My Lords, I am quite certain that we on these Benches would wish to agree with the final sentence in Mr. Butler's statement. Is he aware that we feel that the importance of free speech is such that it can occasionally stand a certain amount of difficulty of this kind? The question of free speech is paramount. But there is one other point that I should like to put to the noble and learned Viscount. As I understand it, the position is that all of those who were charged and convicted were those who had been incited, while, as yet, the persons who did the incitement have not been charged. I take it that they may be charged in the near future.


My Lords, as I think I said, those arrested did not include the speakers. The speakers have, however, been informed that a full report of the meeting was being submitted for consideration of the taking of proceedings under Section 5 of the Public Order Act, 1936. Further consideration will be given to this when examination of the typescript of the shorthand notes has been completed. I do not think I ought to say anything more at the moment.

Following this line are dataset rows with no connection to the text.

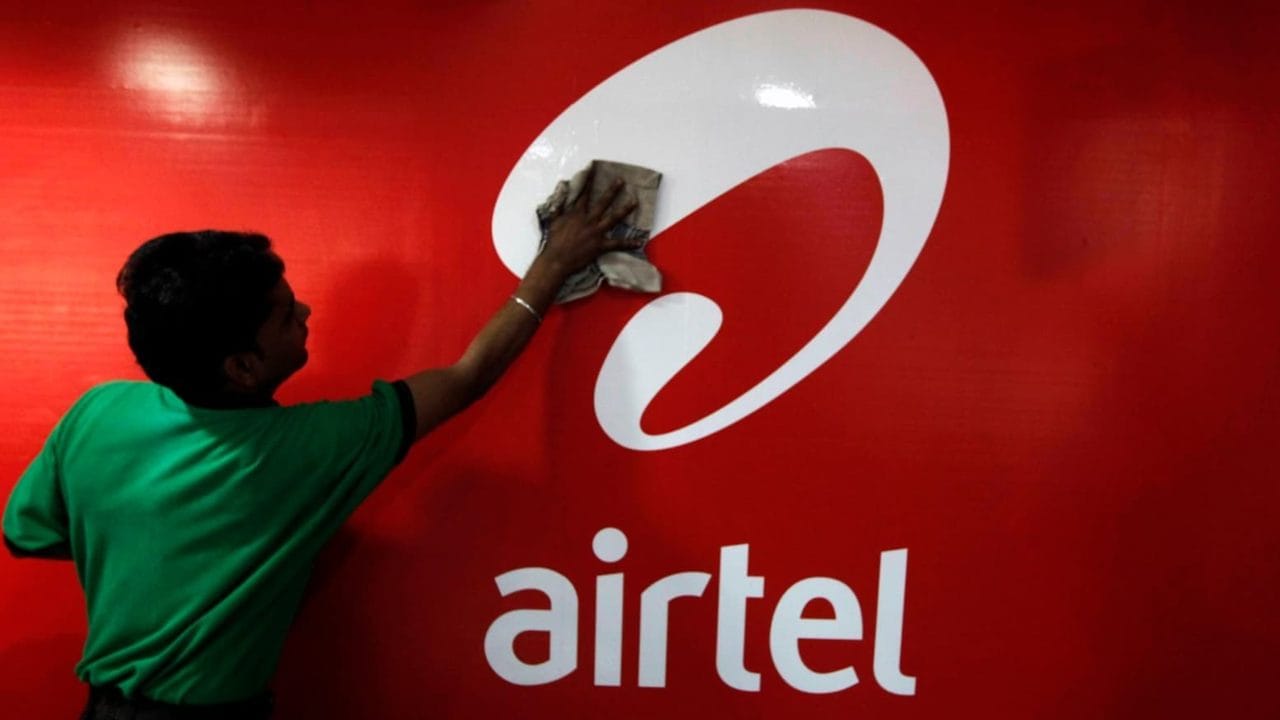 28 ദിവസത്തേക്ക് ദിവസേന ഒരു ജിബി ഡേറ്റ ലഭിക്കുന്ന 265 രൂപയുടെ പ്ലാൻ താരിഫ് 299 രൂപയായി ഉയർന്നു. ദിവസേന ഒന്നര ജിബി ലഭിക്കുന്ന പ്ലാൻ 299ൽ നിന്ന് 349 രൂപയായും ദിവസേന രണ്ടര ജിബി ഡേറ്റ 28 ദിവസത്തേക്ക് ലഭിക്കുന്ന പ്ലാൻ താരിഫ് 359 രൂപയിൽ നിന്ന് 409 രൂപയായും ഉയർന്നു. ദിവസേന മൂന്ന് ജിബി ഡേറ്റ 28 ദിവസത്തേക്ക് ലഭിക്കുന്ന 399 രൂപയുടെ പ്ലാന് ഇനി മുതൽ 449 രൂപ നൽകണം.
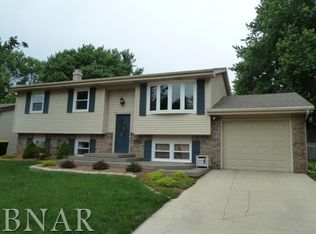 1822 Johnson Dr, Normal, IL 61761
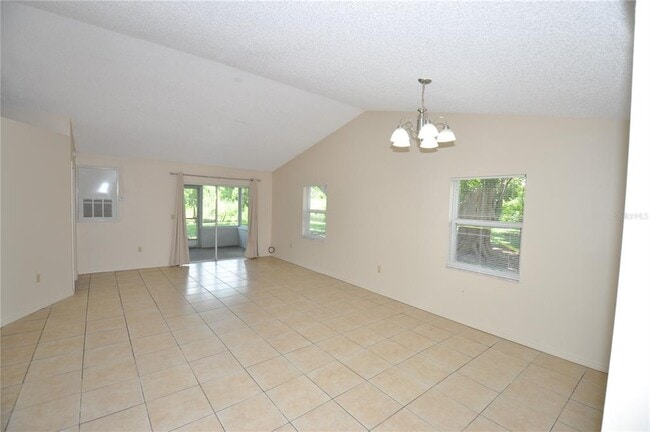 Building Photo - 174 Shannon Dr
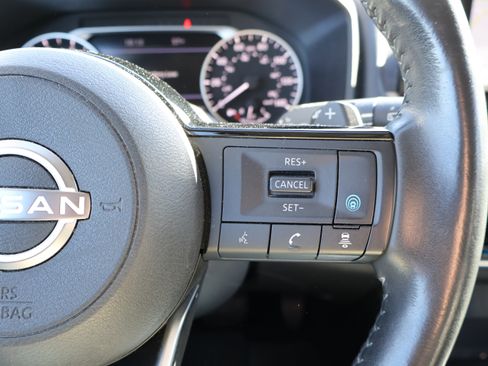 Used 2023 Nissan Rogue SL w/ SL Premium Package image 37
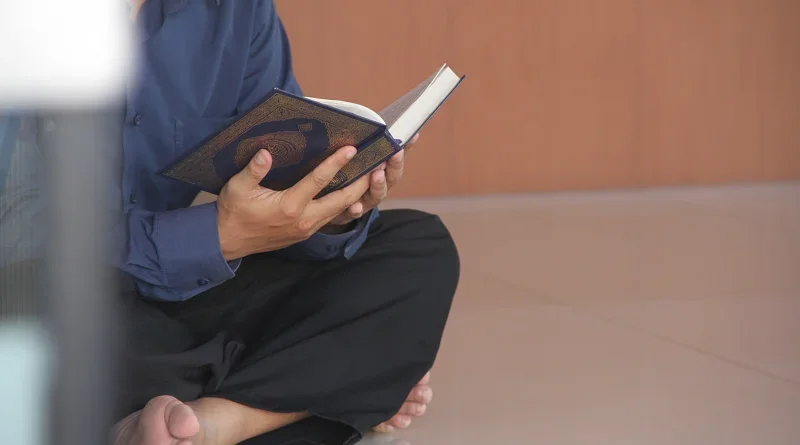 KHUTBAH JUMAT | Tetap Membaca Al-Qur’an di Tengah Kesibukan Hidup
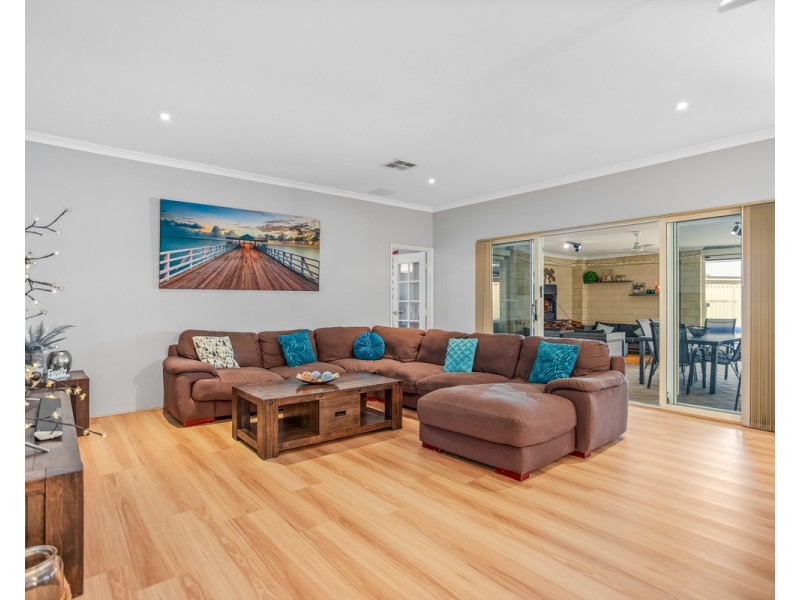 24 Shelduck Bend, Harrisdale WA 6112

My Lords, may I submit to the Lord Chancellor that we have got ourselves, or the Government have got us, into an altogether lamentable position? I ventured to raise in this House the desirability of banning this meeting, or at any rate of refusing the use of Trafalgar Square for this purpose. I quoted then the poster which was being exhibited, where we were told "Don't vote for any supporter of coloured immigration or Jewish control", and the headline was "Mass meetings: Free Britain from Jewish control". That was the attraction held out, and we were told on the strength of that that the meeting could not be stopped. We are now told that it could not be stopped because on previous occasions the Jewish community had not protested violently. Now that there has been a violent and understandable protest from the Jewish community we are told that it could probably be banned in future. I think that is an outrageous position in which to be landed, and I only hope that the law will be amended.


My Lords, with the greatest respect, I entirely disagree with the approach of the noble Earl, Lord Longford. I do not think that he is giving the proper weight and influence to free speech. There are many things which the noble Lord detests because I have heard him express his detestation of many of them. There are many things that I detest. But if he or I impose a censorship because we detest things, we are on the way down a slippery slope. I ask him to reconsider the views that he has expressed and to see whether he cannot take the view that only the threat to public order should be allowed to infringe free speech.